--- Supplied records Enclosed Below ---

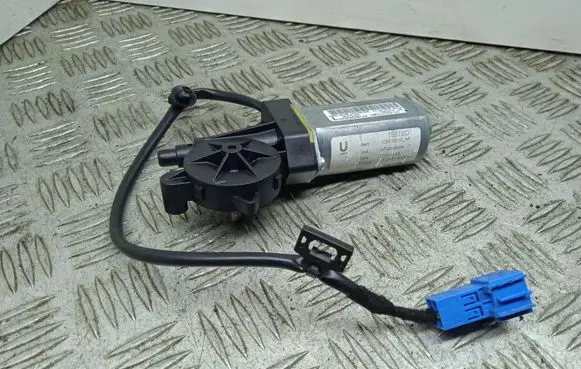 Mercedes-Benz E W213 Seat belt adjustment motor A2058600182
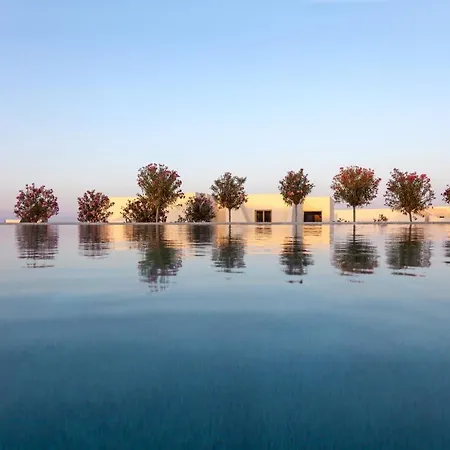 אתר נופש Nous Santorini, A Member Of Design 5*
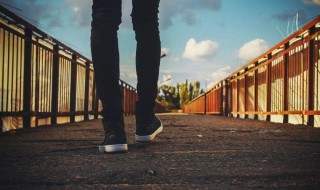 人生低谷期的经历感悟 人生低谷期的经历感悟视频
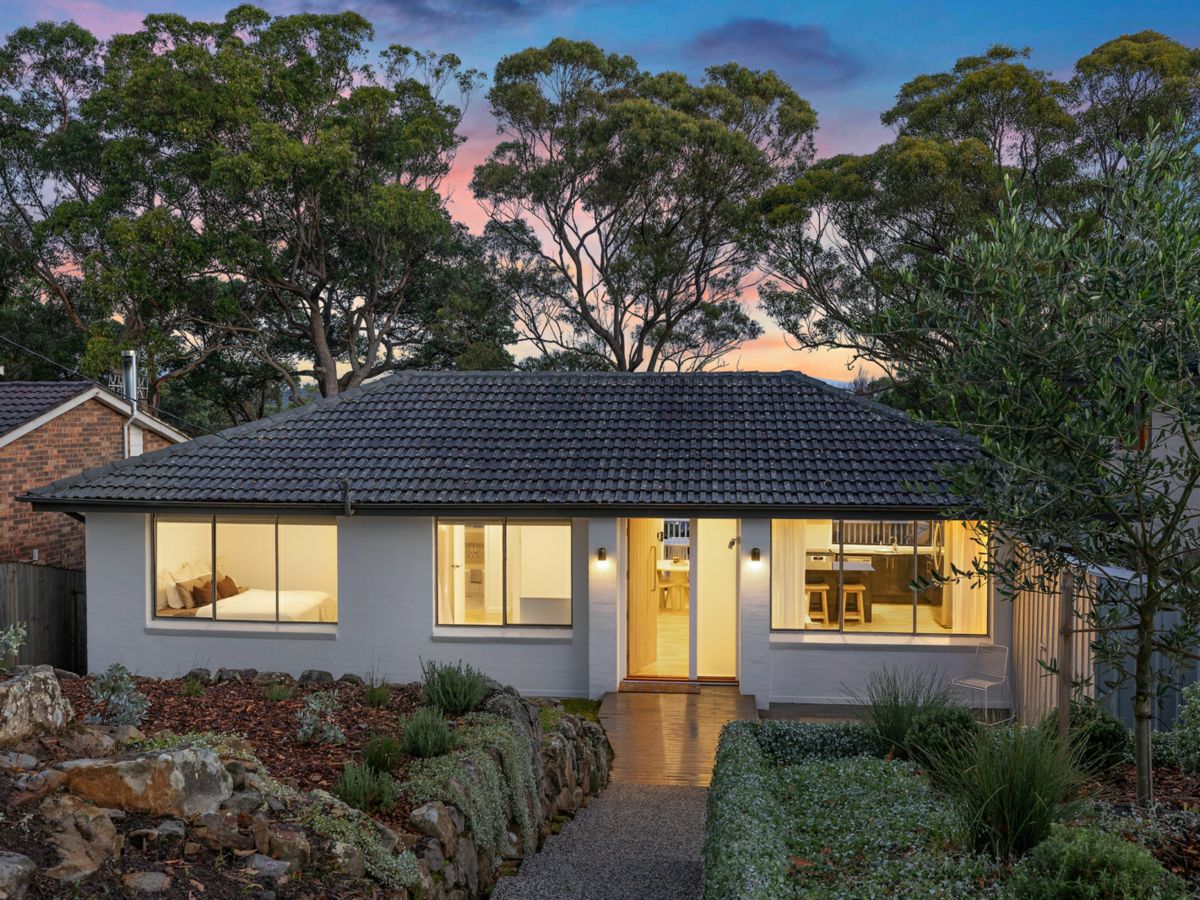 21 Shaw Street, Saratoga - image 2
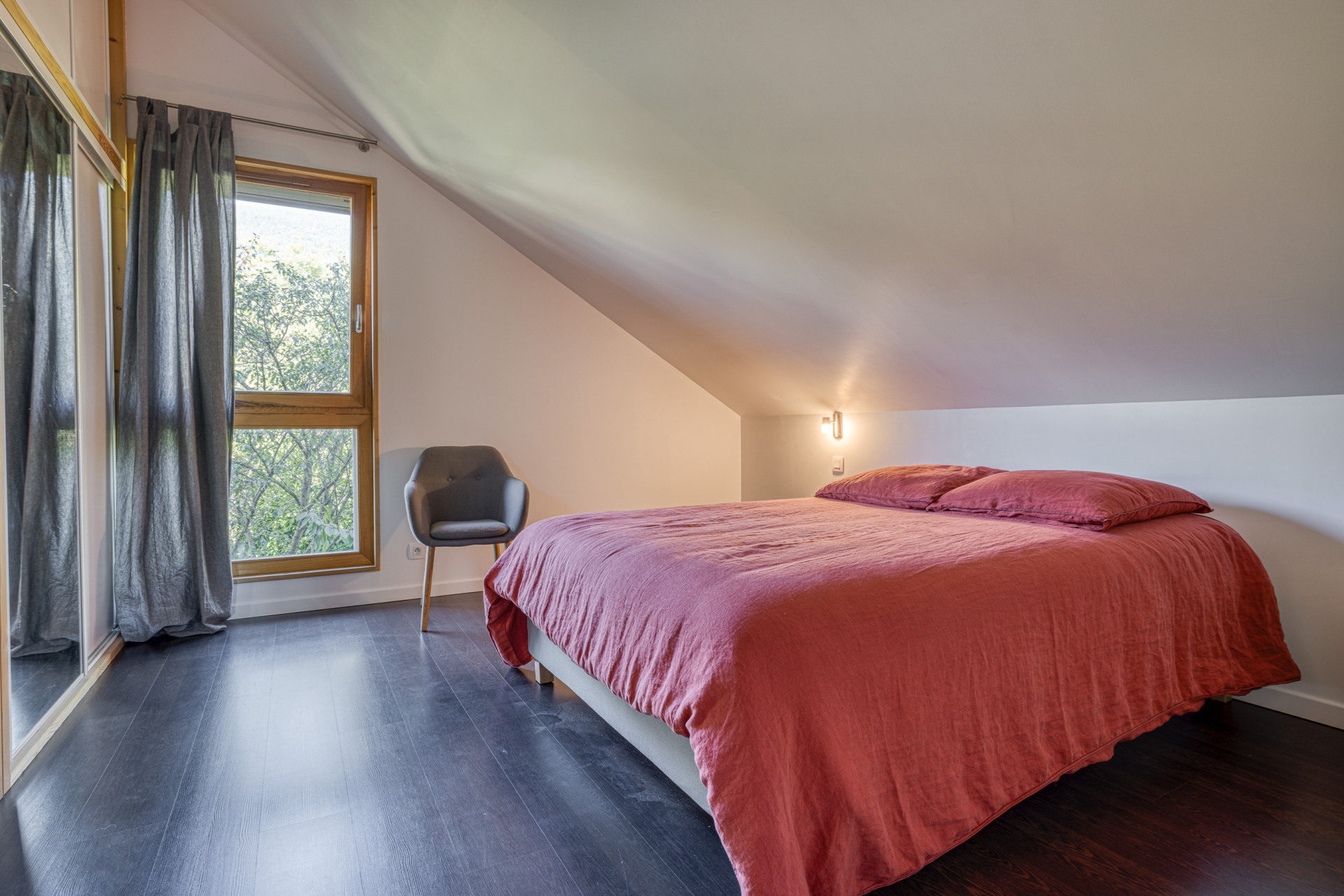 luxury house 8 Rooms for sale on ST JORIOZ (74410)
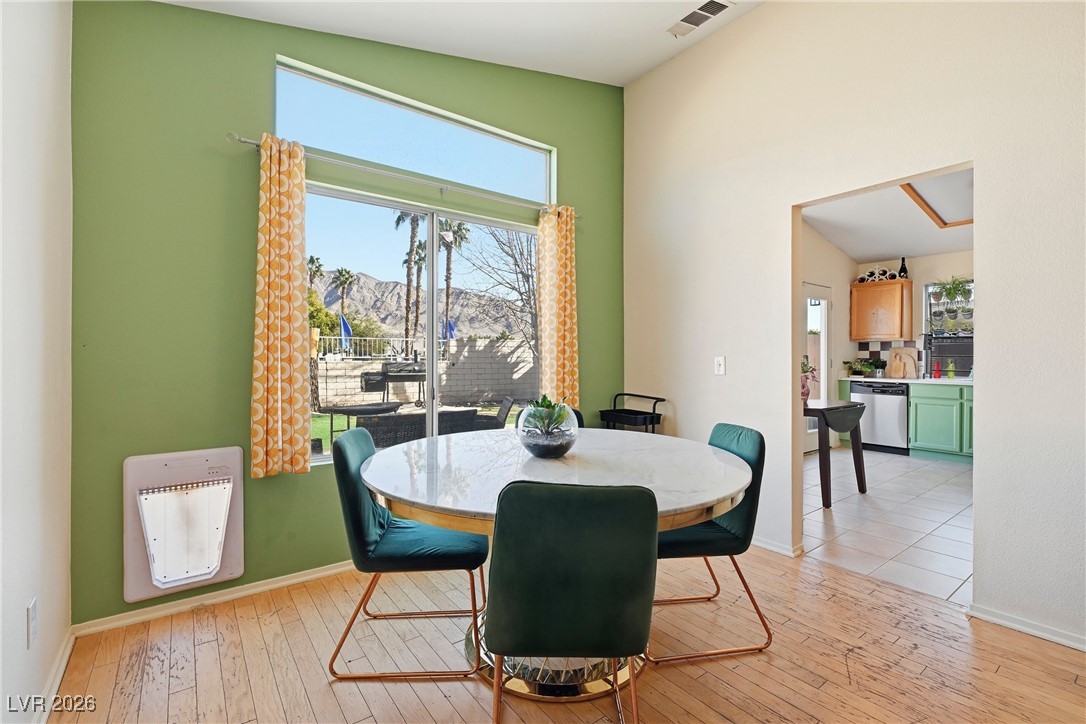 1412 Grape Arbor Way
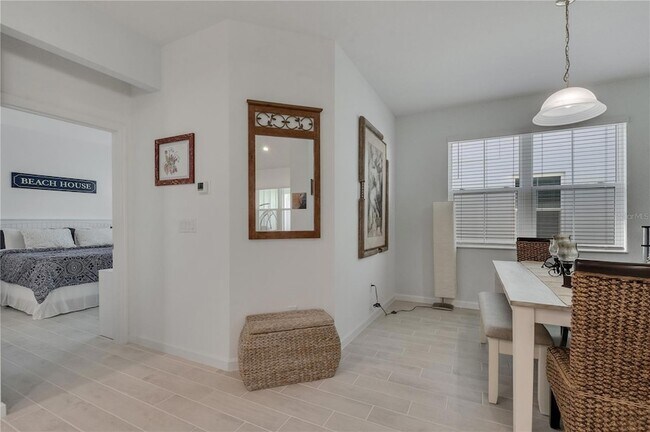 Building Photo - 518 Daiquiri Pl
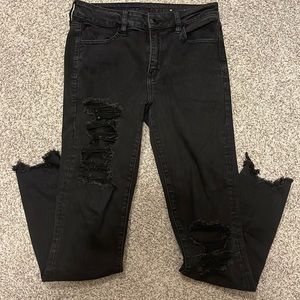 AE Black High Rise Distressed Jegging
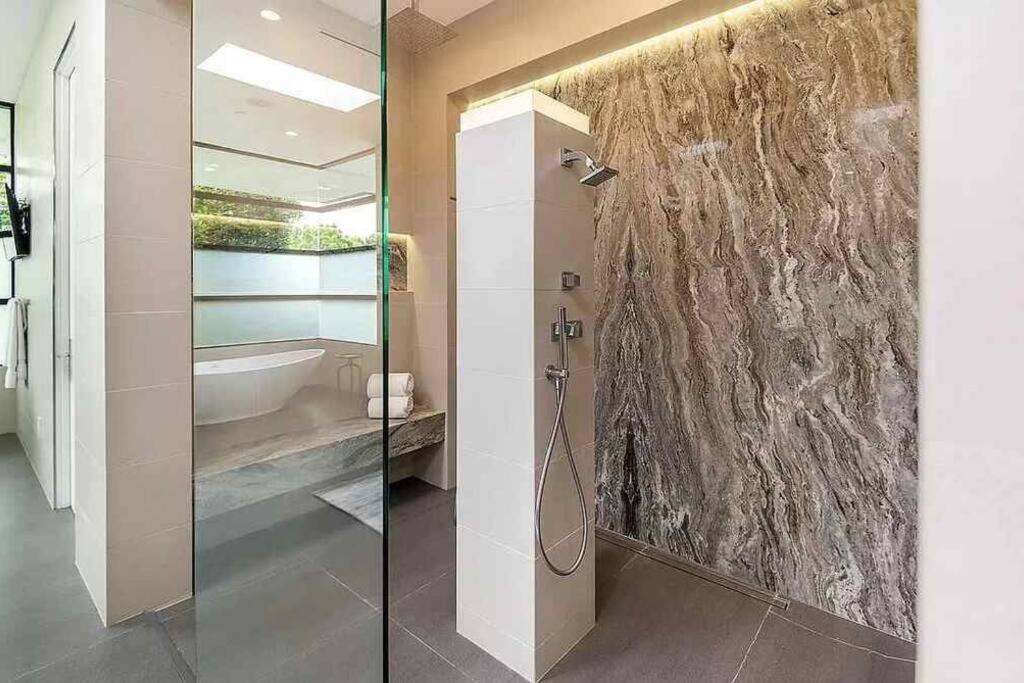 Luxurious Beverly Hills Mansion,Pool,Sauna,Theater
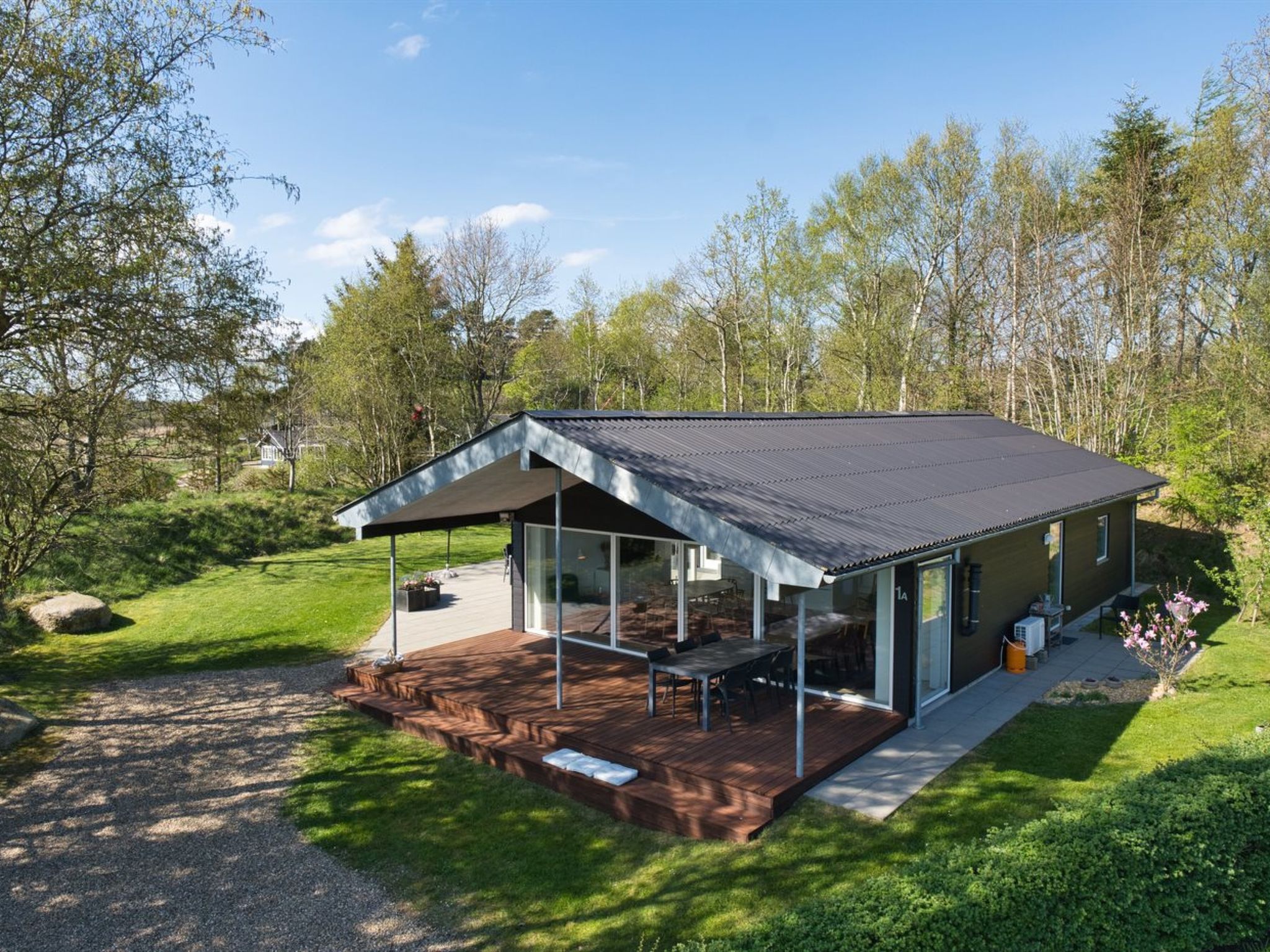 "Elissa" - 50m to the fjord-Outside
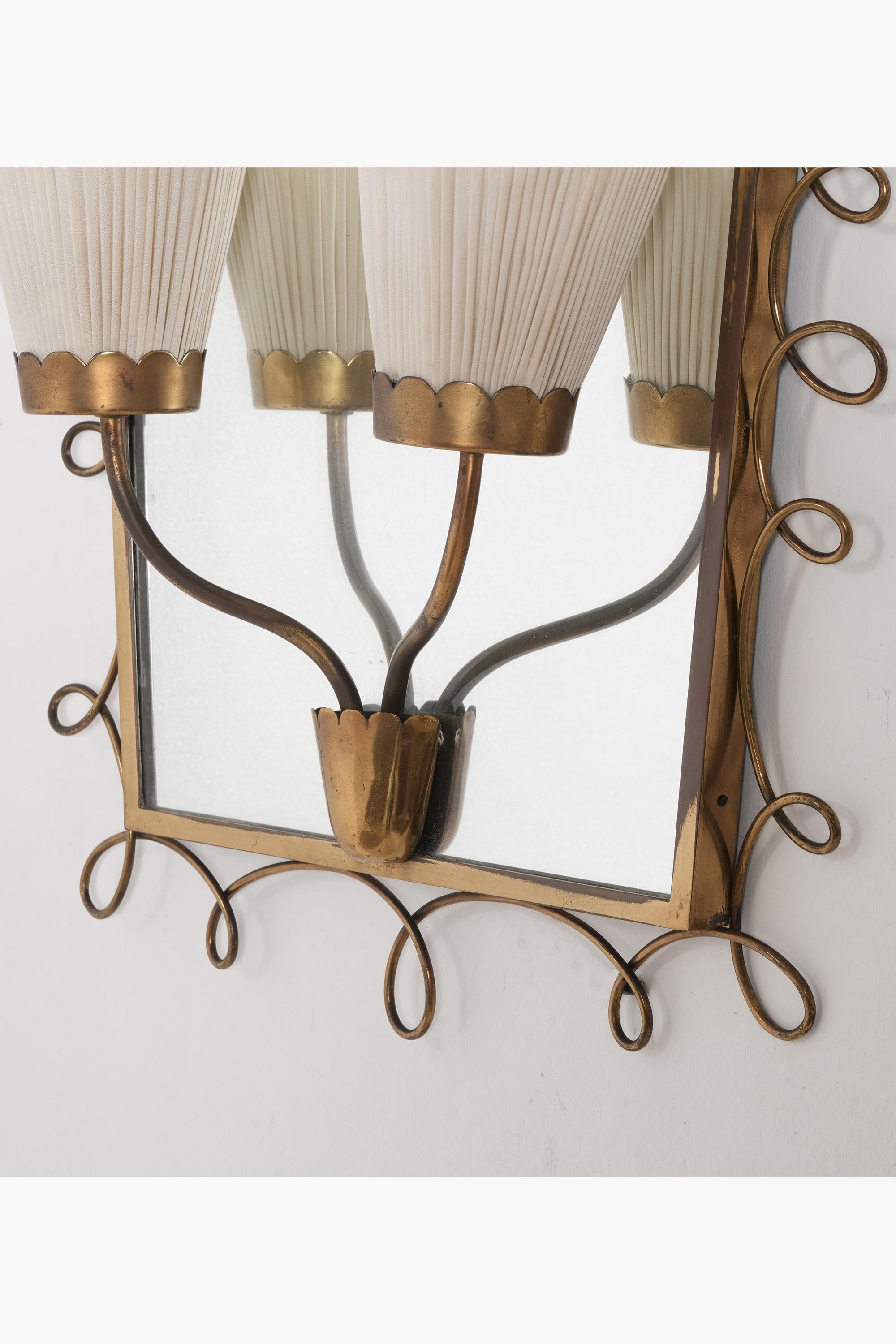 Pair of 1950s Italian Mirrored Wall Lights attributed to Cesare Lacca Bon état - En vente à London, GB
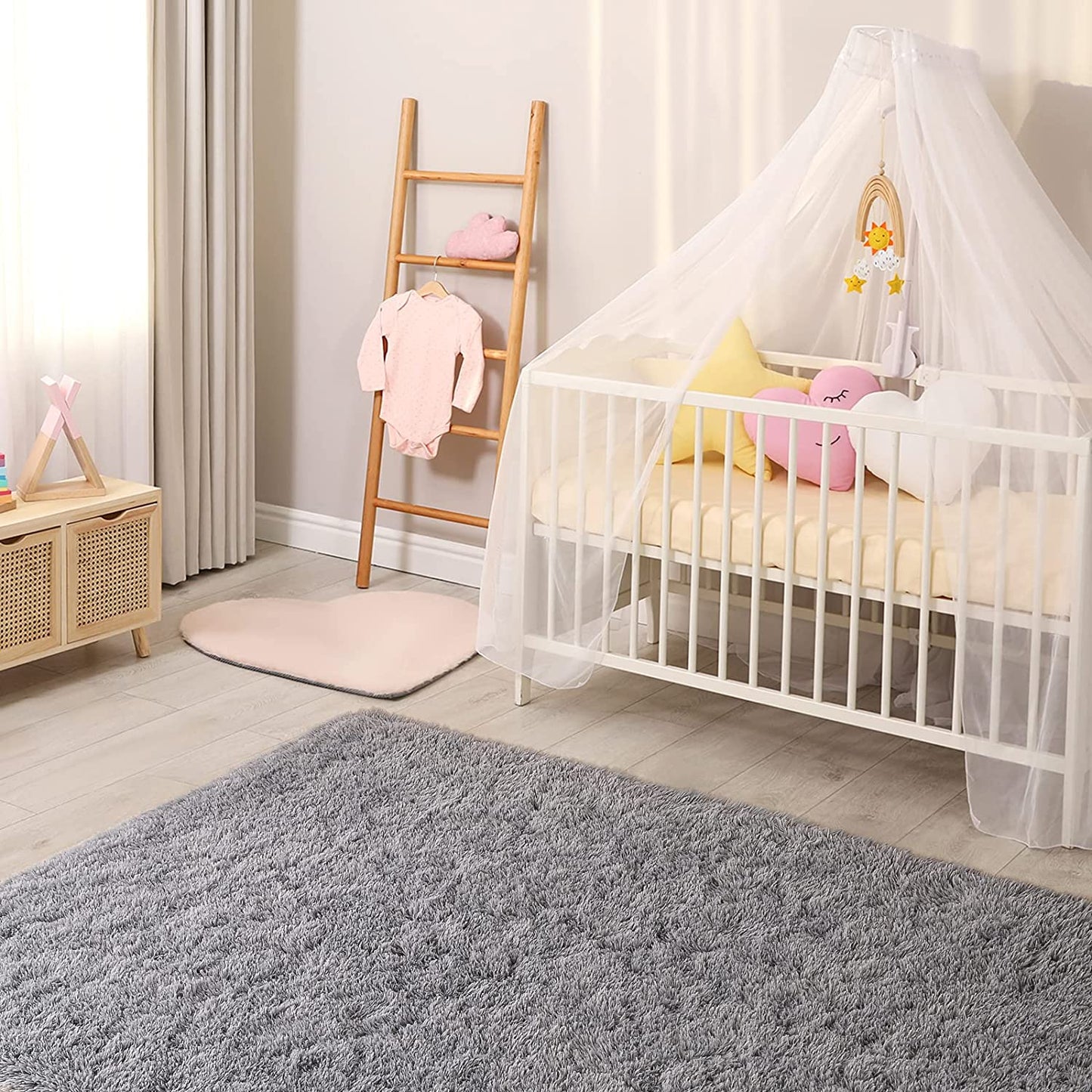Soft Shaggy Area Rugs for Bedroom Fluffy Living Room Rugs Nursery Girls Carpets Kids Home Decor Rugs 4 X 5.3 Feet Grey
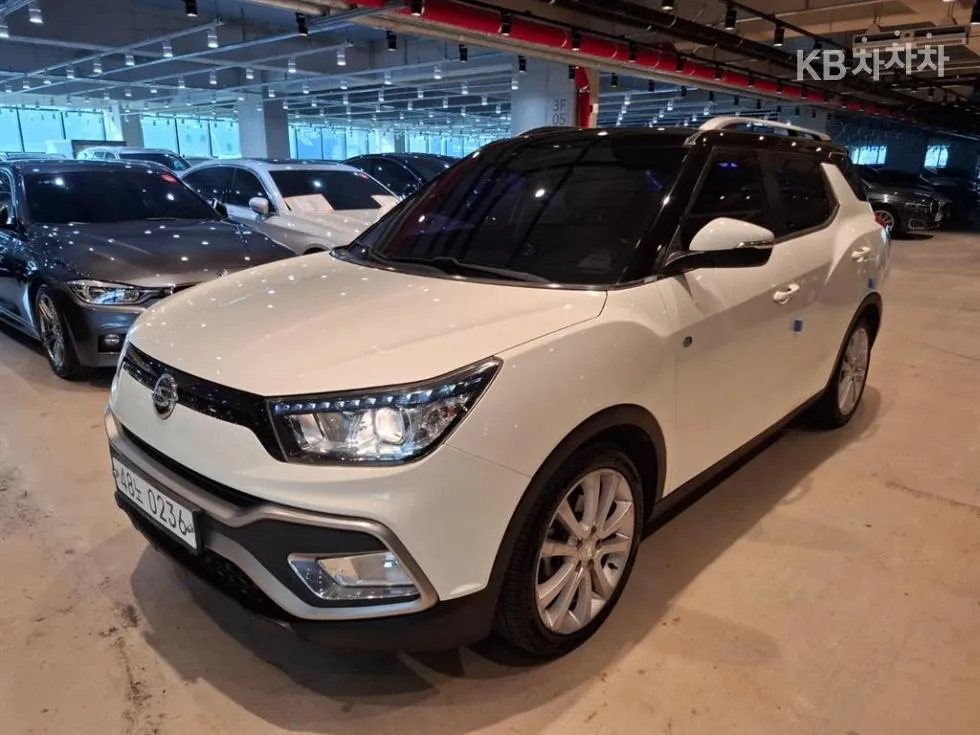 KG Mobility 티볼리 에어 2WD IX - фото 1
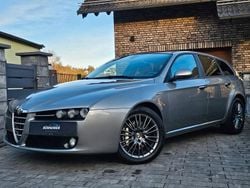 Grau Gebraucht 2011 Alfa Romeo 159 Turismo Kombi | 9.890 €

--- End of Enclosed Supplied records ---

From the listing above, please give again the lines that begin with the line holding "Building Photo - 518 Daiquiri Pl" and go on through the line holding "Pair of 1950s", exactly, both ends included, minus any picture.

 Building Photo - 518 Daiquiri Pl
 AE Black High Rise Distressed Jegging
 Luxurious Beverly Hills Mansion,Pool,Sauna,Theater
 "Elissa" - 50m to the fjord-Outside
 Pair of 1950s Italian Mirrored Wall Lights attributed to Cesare Lacca Bon état - En vente à London, GB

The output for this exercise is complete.